4-5. The Killer (2023) and Mank (2020)
A movie called The Killer, based on a graphic novel no less, sounds like David Fincher self-consciously revisiting his serial-killer glory days with some pre-millennium tension revived along with them. Yet Fincher’s ruthlessly streamlined and darkly funny assassination thriller has some of the dry procedural wit of his pal Steven Soderbergh, as well as such sleek momentum that you might not notice that it only contains about two proper action sequences. (They’re doozies, though.) It’s Fincher’s whole deal fashioned to a fine, deadly point. And, OK, the Old Hollywood biopic Mank is kinda just tagging along here; it’s not actually better than The Ballad of Buster Scruggs.
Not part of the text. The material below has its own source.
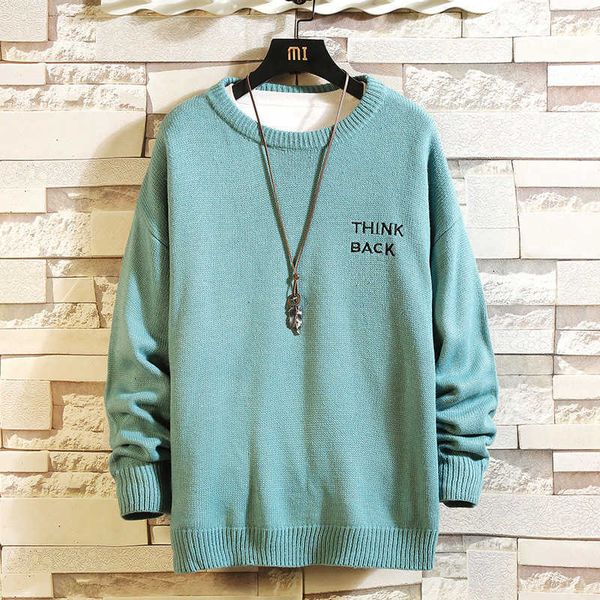 

men's casual shirts sweater black white long sleeves autumn spring pullover knitted o-neck plus oversize 5xl 32rd, White;black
But Fincher working in black-and-white is even more of a cinephile dream than Cuarón, and Mank’s Hollywoodscapes are downright dreamlike.
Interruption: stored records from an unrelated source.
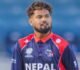 विश्वकपबाटै राष्ट्रिय टिममा शेर मल्लको डेब्यु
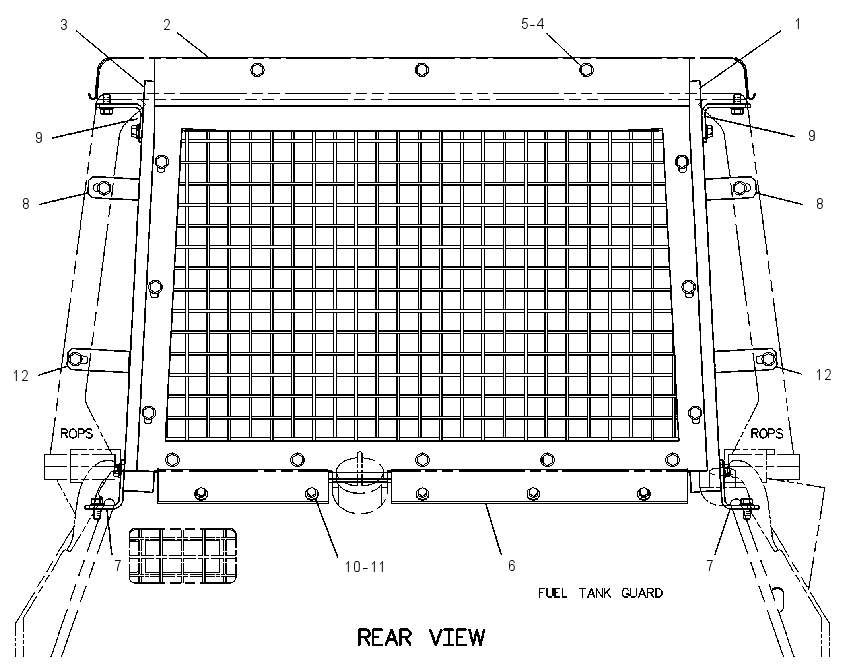 Защитная сетка 8E8020 CAT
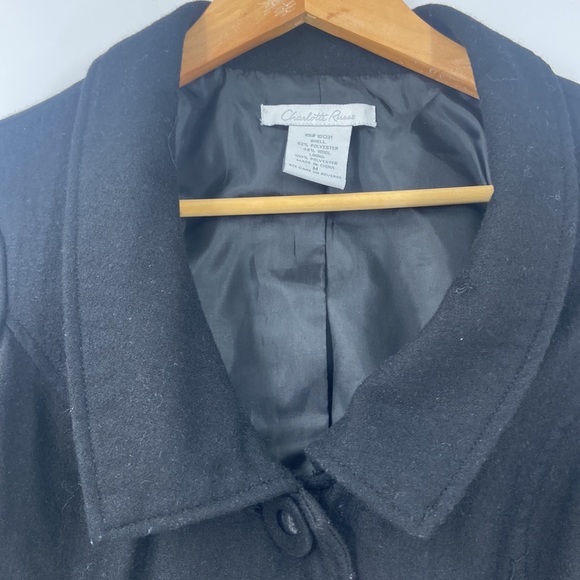 Charlotte Russe black crop style black jacket - Picture 2 of 11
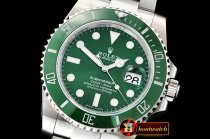 Rolex Submariner 116610LV SS/SS Green V8 Noob A2836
2-3. The Meyerowitz Stories (New and Selected) (2017) and Marriage Story (2019)
If Netflix has a higher function, it’s to funnel money to Noah Baumbach—America’s foremost chronicler of disappointed NYC-based overthinkers, who has never really made a hit movie, except that time he co-wrote Barbie, one of the biggest hits of the century. (He’s also credited on Madagascar 3.) But incredibly, most of the Netflix money came before that, so they deserve extra credit for funding the likes of Marriage Story (which at least was an awards darling) and The Meyerowitz Stories (which wasn’t, and may be an even better movie). Meyerowitz feels particularly overlooked in light of Uncut Gems stealing its Serious Sandler thunder; he’s arguably just as good as a sweet, underachieving Brooklyn dad staggered by his “genius girl” daughter, and casting him has the son of Dustin Hoffman and brother of Ben Stiller is pretty brilliant. Even more bonus points for even more truckloads of cash that the studio gave over to Baumbach’s faithfully idiosyncratic adaptation of White Noise.
1. The Irishman (2019)
In the words of Al Pacino in another 2019 film: What. A. Picture. Netflix gave Martin Scorsese the money for a big-budget decades-spanning mob picture featuring an all-star cast, extensive digital de-aging, period settings, and a supersized running time. In the ultimate tribute to one of the best in the biz, The Irishman did not become a prestige miniseries broken out into awkward chunks (though some misguided efforts were made online to explain how to watch it like one). No, however people chose to watch it, this is a 210-minute movie, a detail-packed, darkly hilarious, and ultimately devastating march toward oblivion, taking care note of the wreckage left in the wake of a “house-painting” mob middleman (Robert De Niro) who has a special relationship with Teamster Jimmy Hoffa (Al Pacino). Mournful yet also wildly entertaining, it’s a Scorsese crime epic that can stand comfortably alongside Goodfellas and Casino, and deserves just as many future rewatches, possibly by dads standing up in the middle of the living room.